Haemmerle’s letter points out that both cities have the stated goal of protecting an open-space corridor.

    “Since this potential annexation will impact the residents of Hailey and has far reaching land-use-planning implications, it is important the city of Hailey have a clear understanding with the city of Bellevue on any and all proposals regarding this annexation,” Haemmerle wrote.
    Hailey Community Development Director Micah Austin said Hailey’s primary goal is to maintain an open-space corridor between the two towns.
    “The development calamity we want to avoid is a Chinden Boulevard, which connects Garden City and Boise. You cannot see where one city ends and another begins,” Austin said.
    Haemmerle’s letter points out that both cities have the stated goal of protecting an open-space corridor.
    “The desire to maintain a buffer between our towns is now entrenched in the comprehensive plans for both cities,” Haemmerle wrote.
    Koch wrote a letter in response to Haemmerle’s concerns, saying that Bellevue will proceed with negotiations without special input from Hailey.
    “The city of Bellevue appreciates the request for the involvement of Hailey in the Eccles annexation,” wrote Koch, who said the city will strictly follow state laws in processing the application.
    “The process starts with the [Bellevue] Planning and Zoning Commission meeting on July 28 at 6 p.m., and will be followed by council action at a later time. We look forward to hearing and or receiving Hailey’s comments,” Koch wrote.
    Haemmerle pointed out in his letter that the two cities came together to address an  annexation request by Spencer Eccles in 1998 to bring 152 acres of the Flying Hat Ranch on the west side of Highway 75 into the city of Hailey.
    “A cooperative and mutually beneficial effort was made to bring impacted stakeholders together to determine whether the annexation request should be granted,” Haemmerle wrote.
    The ad-hoc committee included representatives from Bellevue, Hailey and the Friedman Memorial Airport, said Haemmerle.
    The 1998 Eccles annexation request expanded in 2000 to include all 696 acres of open space between the two cities. The city of Bellevue expressed concern at that time that the annexation would bring development too close to the edge of the city.
“During a six-month period, the committee held eight meetings and finalized a recommendation to the Hailey Planning and Zoning Commission that was acceptable to both the city of Hailey and the city of Bellevue,” Haemmerle said.

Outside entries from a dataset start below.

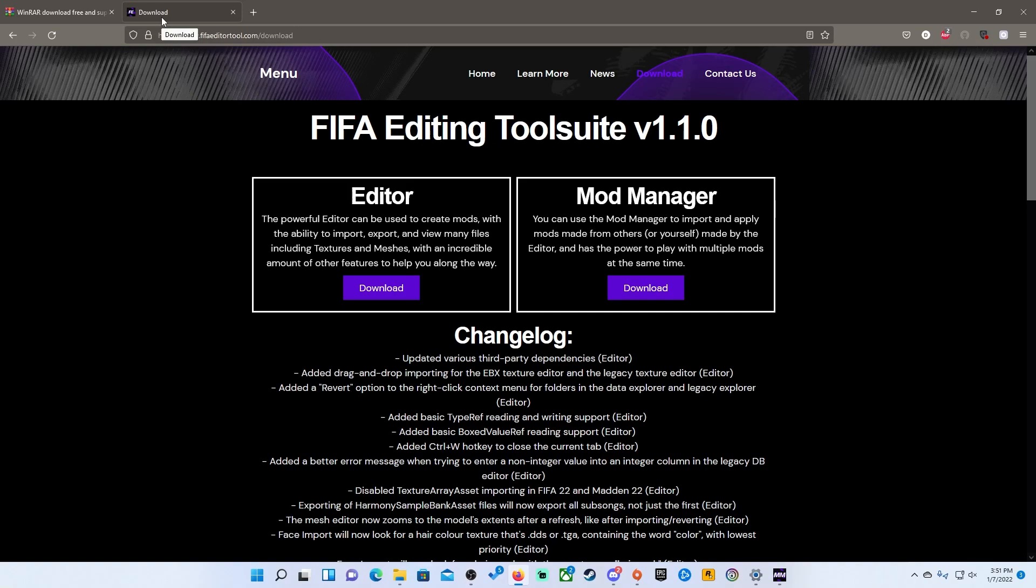Yo what's going on everyone, it's D Lord and today I am going to be showing you guys how to install mods for Madden 22 on PC.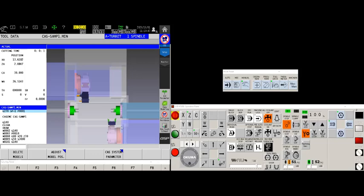This exact process will also work on the sub spindle. Just a little footnote. If you're using a U machine, that's the type with the B axis spindle on top instead of a turret. That one is generally already set simply because it knows where the basis of tool mount is, whereas the turret, the lower turret will not. So you'll want to follow this procedure.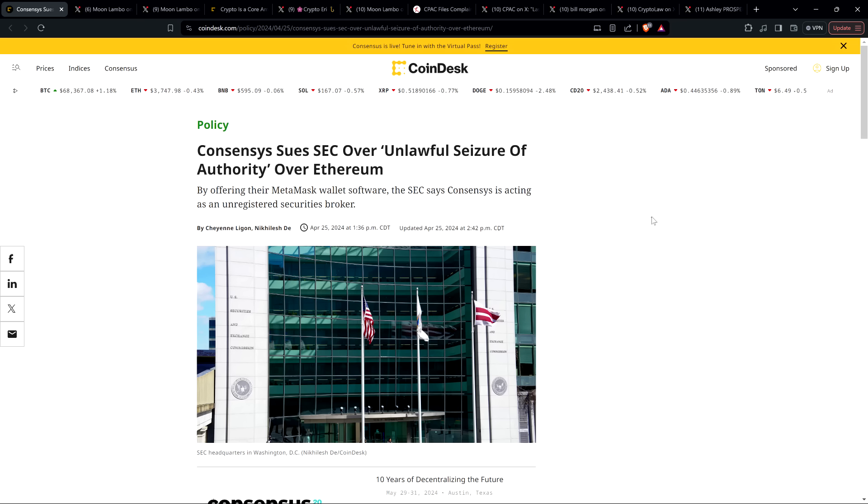So Consensus, its entire mission is to build out all things Ethereum. And so this headline that I just read to you came just weeks after we learned that the SEC had sent out Wells notices to various organizations, including the Ethereum Foundation. So we found one went out to Consensus.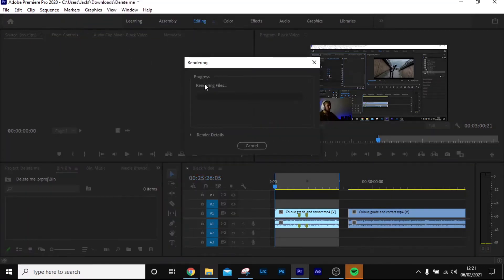What that's going to do is render everything between those two in and out brackets. Once it's done, it's going to play back without fail at the highest quality it possibly can. A quicker way to do that is just by setting your in and out points and then hitting Enter — that renders it quickly without having to navigate up to Sequence. It's just a quick shortcut tip.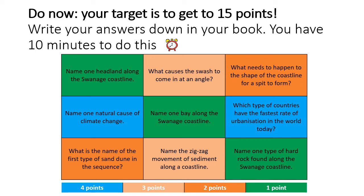Hello Year 11 and welcome to your second and final lesson on Swanage. To begin with, a bit of retrieval practice. You have nine questions. Your target, using the points at the bottom, is to get to 15 points at least. Write your answers down. You have 10 minutes. Pause the video now.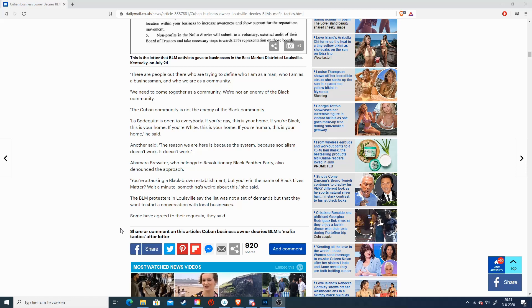Because black lives do matter, but they do not matter for Black Lives Matter. And in order to make simpler what I said, I do believe black lives matter just like each and every other life matters. But I do not believe in the organization Black Lives Matter.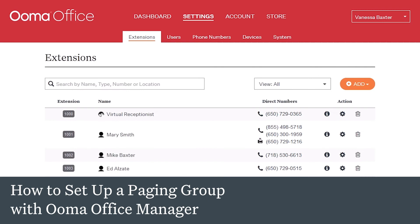How to set up a paging group. When you need to communicate information to several users at the same time, paging is the perfect way to go. You can create a paging group to address a specific department, like sales or accounting. We'll show you how to create a paging group and add users to it, and also explain how paging works.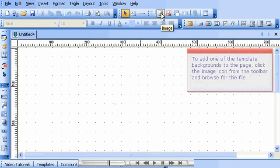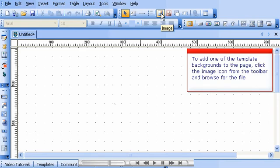To add one of the template backgrounds to the page, click the image icon from the toolbar and browse for the file.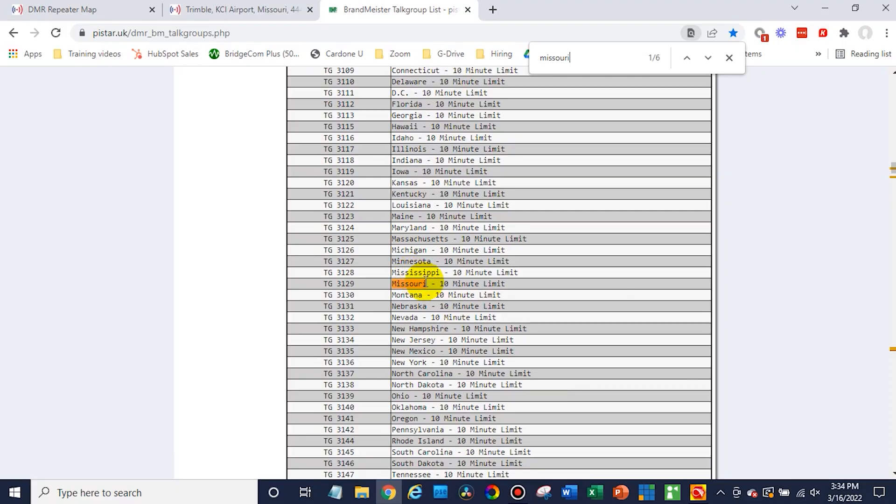Now for all other things radio related — in terms of the digital contact list — we're not going to cover this today because it's not an essential part of your code plug. We will have another video that shows you how radioid.net is the place for all of that information. But today we're just going to get a very basic functional code plug going.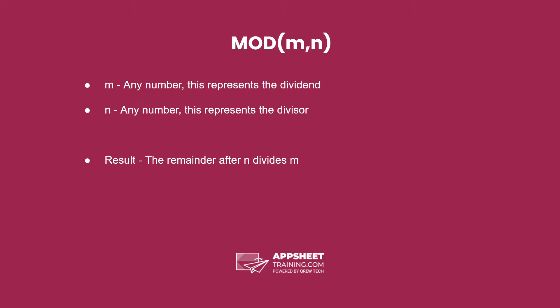N, again any number, an integer, represents the divisor. The reason I'm specifying number and integer is because these aren't decimals, that is important to know. If you aren't familiar with the terms dividend or divisor, basically that means n divides m. But we're not just dividing. The purpose of mod is to calculate the remainder after n divides m.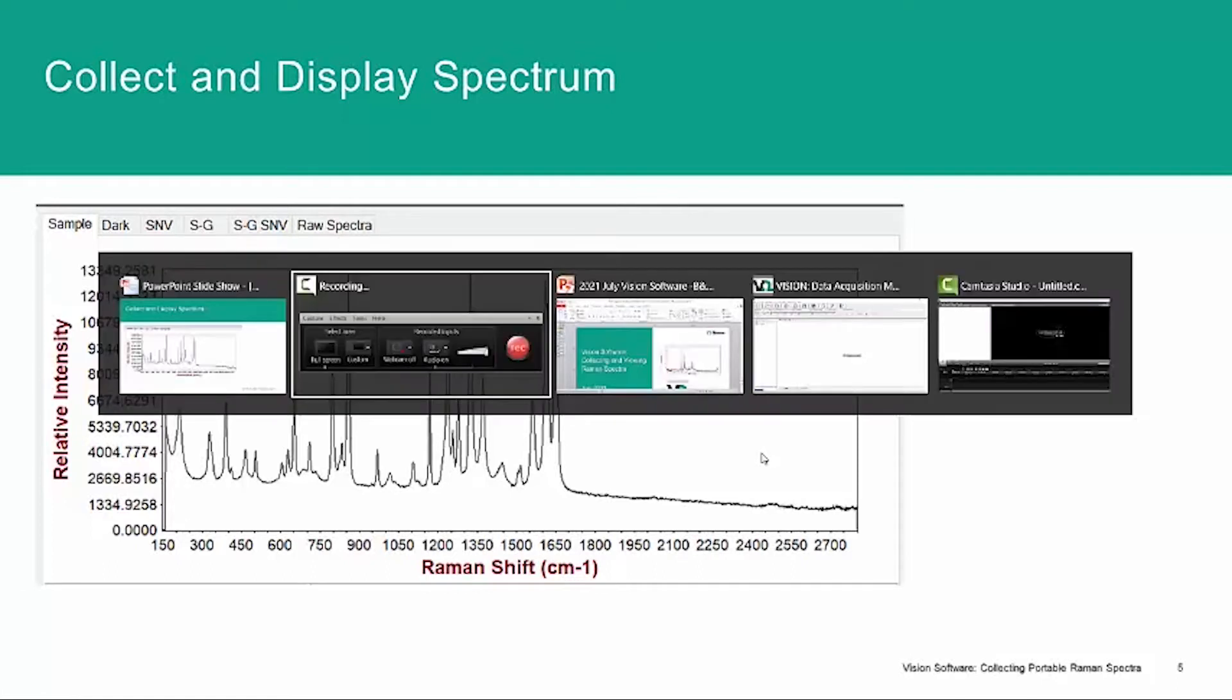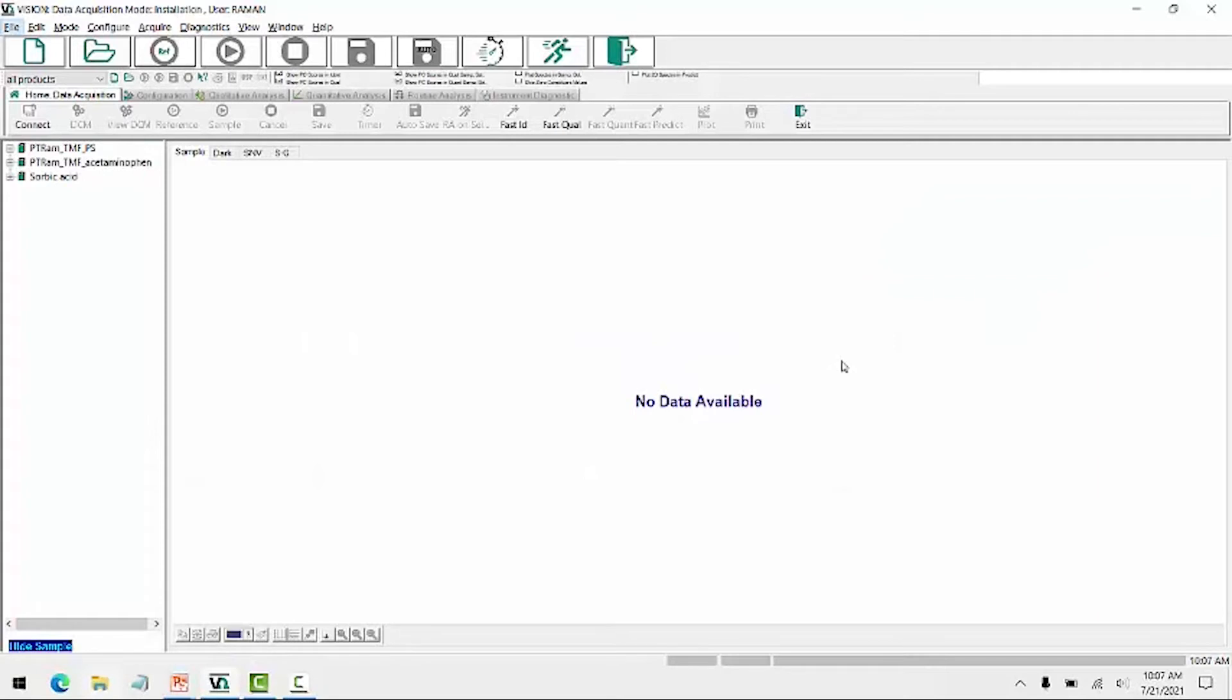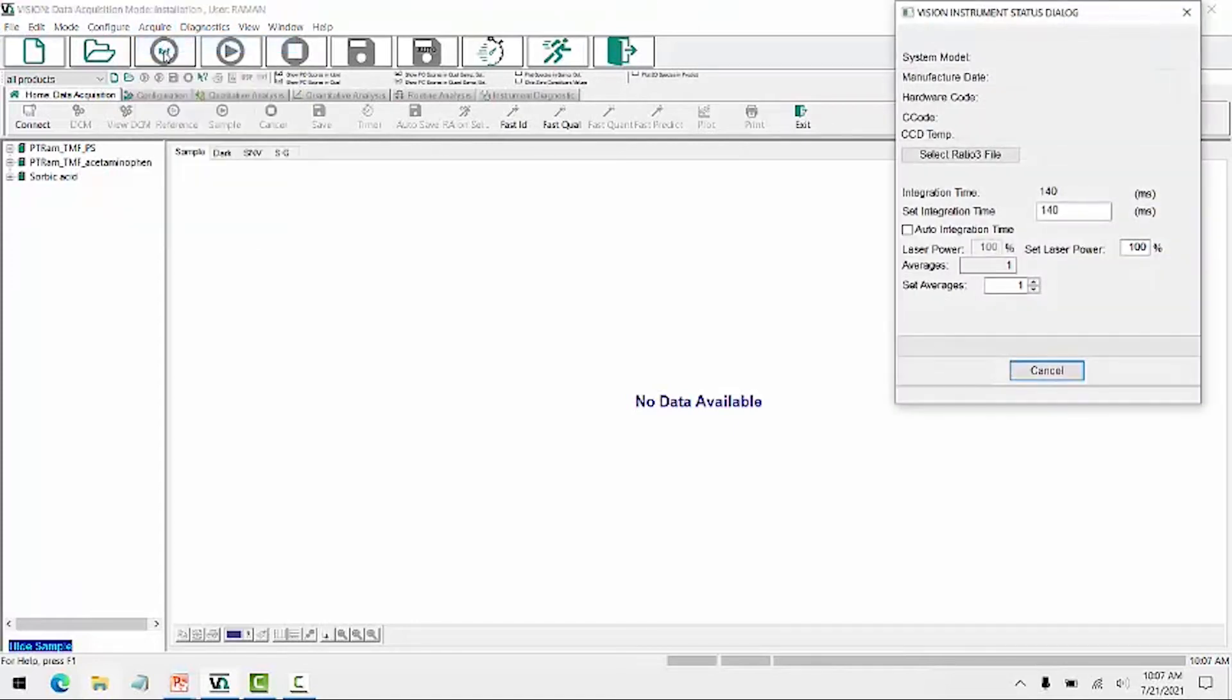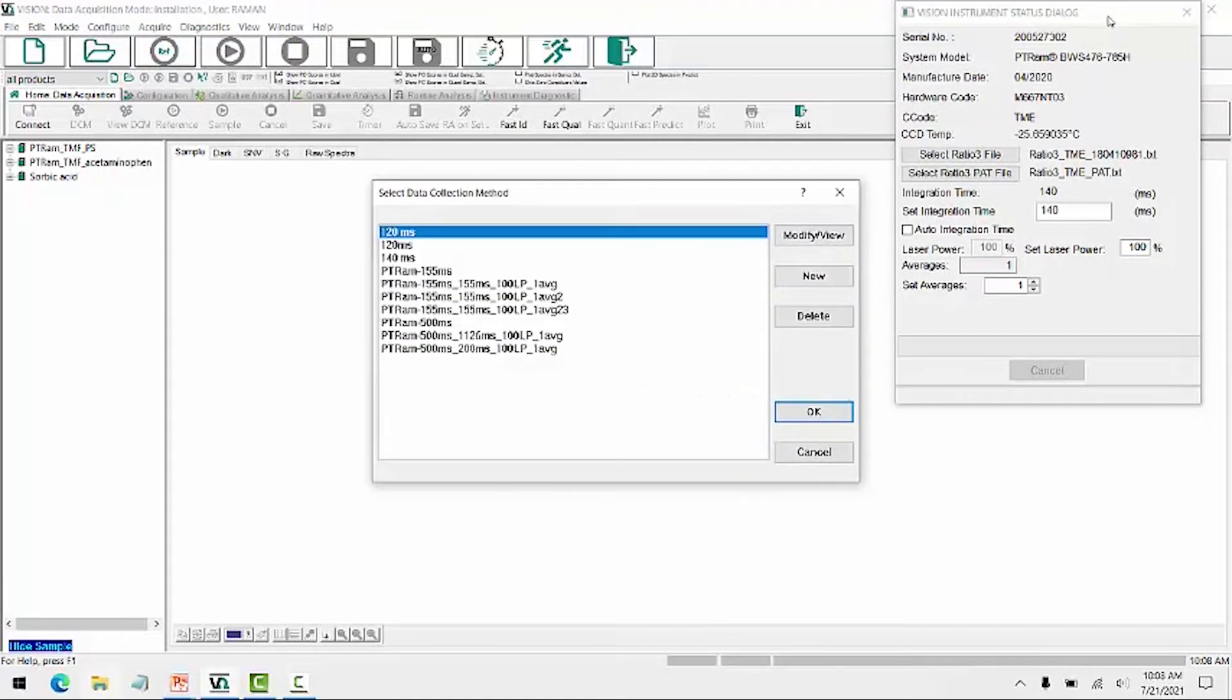Now let's turn over to the vision software and collect some spectra. So here I'm at the vision interface, and I want to connect to my instrument. You go to acquire, connect.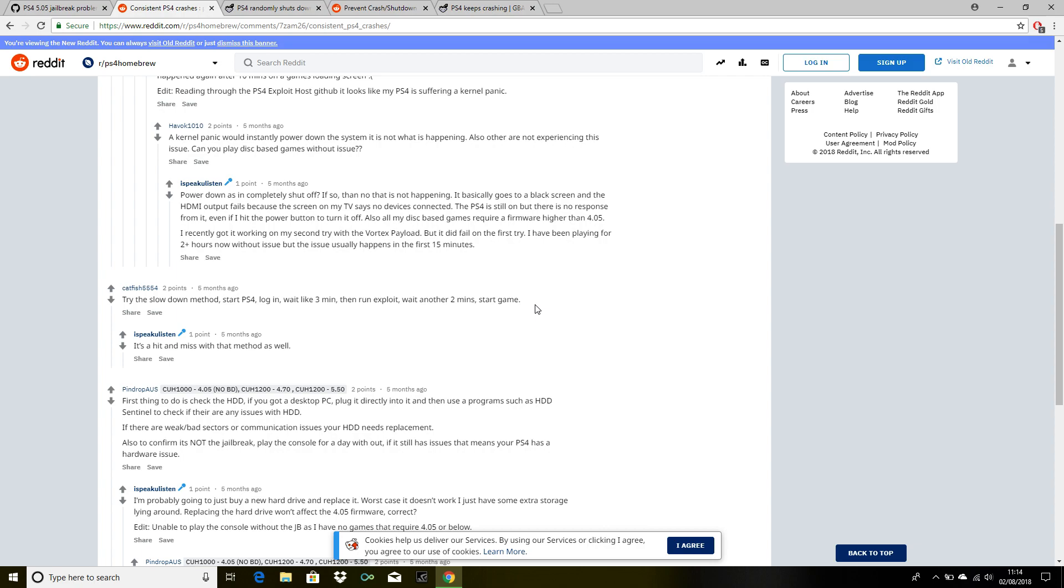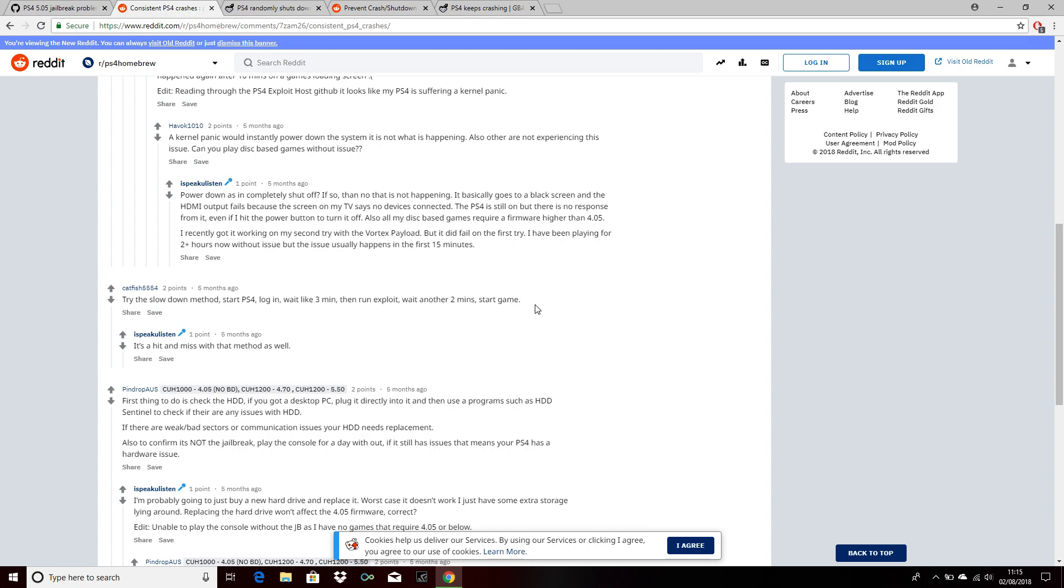You just have to wait for a few minutes before running the exploit. So yeah guys, these are the solutions for fixing the PS4 crash. I will leave all of these helpful links in the description.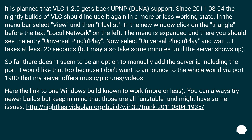It is planned that VLC 1.2.0 gets back UPnP support. Since the 4th of August 2011, the nightly builds of VLC should include it again in a more or less working state.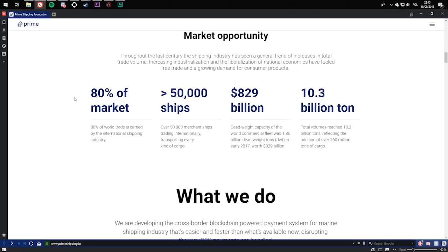80% of world trade is carried by the international shipping industry. Over 50,000 merchant ships trading internationally, transporting every kind of cargo.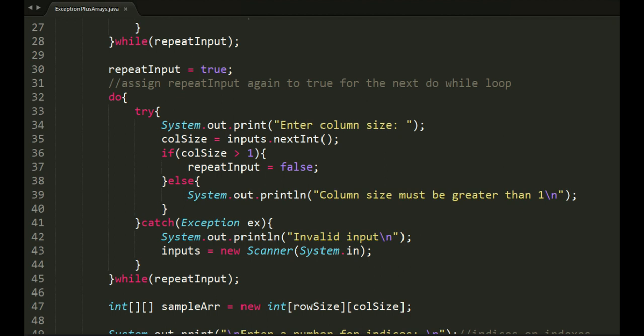This do-while-try-catch combo is for validating the column size. It has the same code structure as before. I just modified the variable names.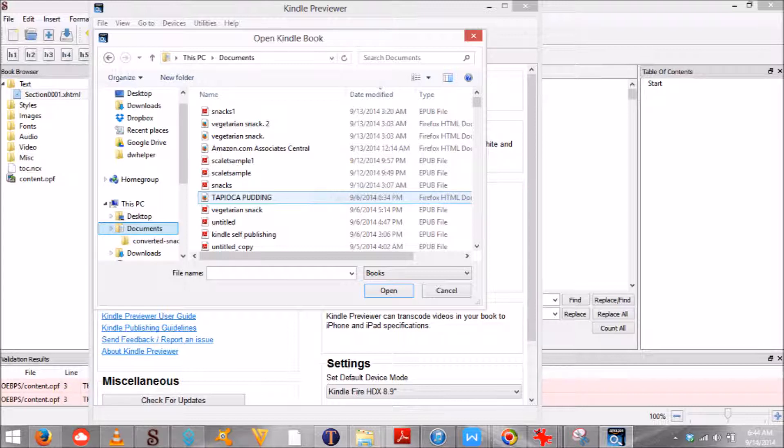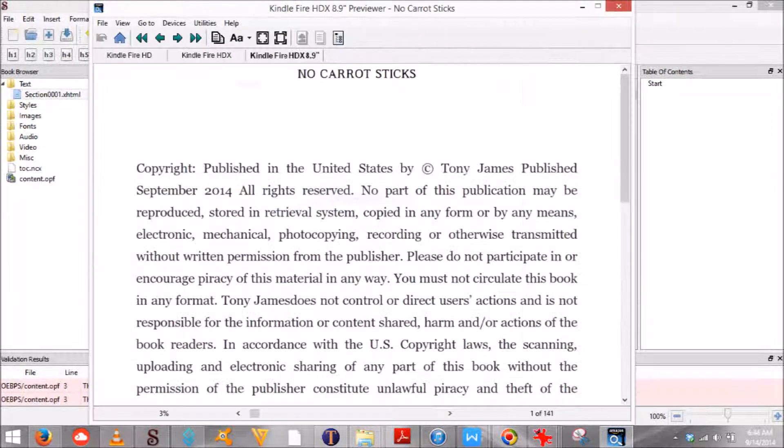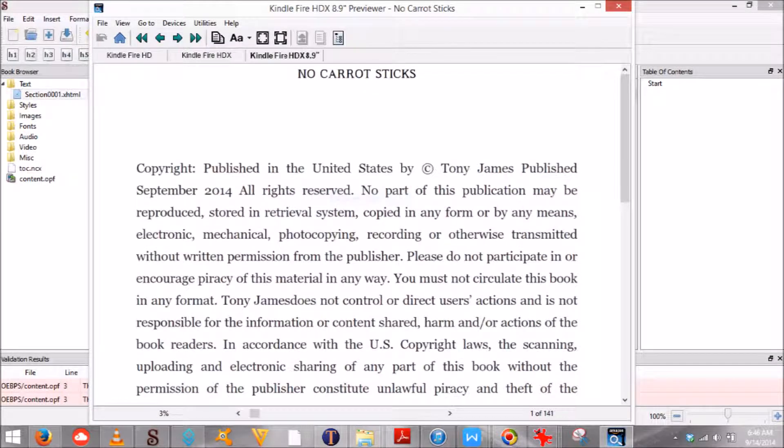When using the Previewer to review your book, there are several things to watch out for. Make sure that each chapter heading is on a separate page, table of contents is clickable, and formatting is correct.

    Based on Hailey records, Austin said, Eccles’ initial 1998 request was for Light Industrial zoning for the entire area. The committee, with representatives from both cities, did not recommend annexation at that time, said Austin.
    “The P&Z commissions from both cities recommended together in 1999 their goals to protect a visible corridor, increasing development away from the highway, and keeping the property in R-5 zoning for five years (allowing for one home per five acres) during which time the public would have had the right to purchase development rights for the open areas on both side of the highway.”
    In 2001, Eccles withdrew his application.    
    The Bellevue Planning and Zoning Commission will get a first look at the proposed new Eccles annexation development plan on July 28 at Bellevue City Hall at 6 p.m.    
    In other Hailey news:
l    The Hailey P&Z Commission will hear on Monday a request by the Syringa Mountain School to keep livestock for educational purposes, and will conduct a design-review of a plan from Sun Valley Roasters LLC (Hailey Coffee Co.) for an addition, including a second-story residence.